Start at the line below containing "A black slip-on" and stop at the line containing "Plastic surgeon adjusting". Repeat every line of that stretch exactly, and nothing outside it.

◆ Supplied data:
★ ★ ★ ★ ★

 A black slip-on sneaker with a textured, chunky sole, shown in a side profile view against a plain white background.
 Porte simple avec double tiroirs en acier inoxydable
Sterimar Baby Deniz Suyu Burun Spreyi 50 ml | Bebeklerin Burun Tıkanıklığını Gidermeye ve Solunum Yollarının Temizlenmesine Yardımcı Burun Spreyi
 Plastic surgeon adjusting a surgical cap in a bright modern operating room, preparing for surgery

★ ★ ★ ★ ★

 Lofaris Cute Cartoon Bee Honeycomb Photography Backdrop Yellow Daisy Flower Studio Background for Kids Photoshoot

★ ★ ★ ★ ★

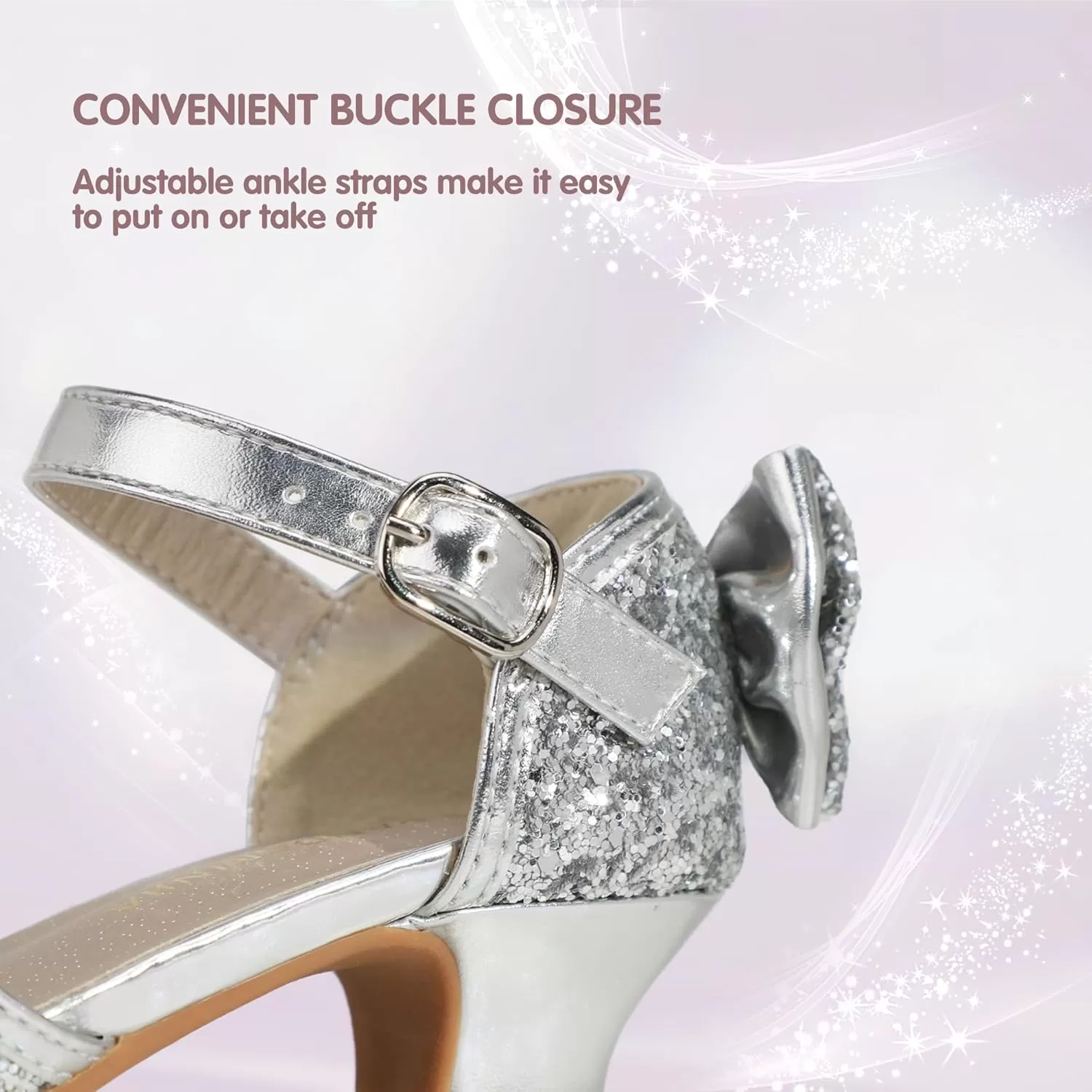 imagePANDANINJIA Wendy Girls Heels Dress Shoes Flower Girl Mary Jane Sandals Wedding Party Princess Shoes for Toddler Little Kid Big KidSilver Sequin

★ ★ ★ ★ ★

◆ Task response:
 A black slip-on sneaker with a textured, chunky sole, shown in a side profile view against a plain white background.
 Porte simple avec double tiroirs en acier inoxydable
Sterimar Baby Deniz Suyu Burun Spreyi 50 ml | Bebeklerin Burun Tıkanıklığını Gidermeye ve Solunum Yollarının Temizlenmesine Yardımcı Burun Spreyi
 Plastic surgeon adjusting a surgical cap in a bright modern operating room, preparing for surgery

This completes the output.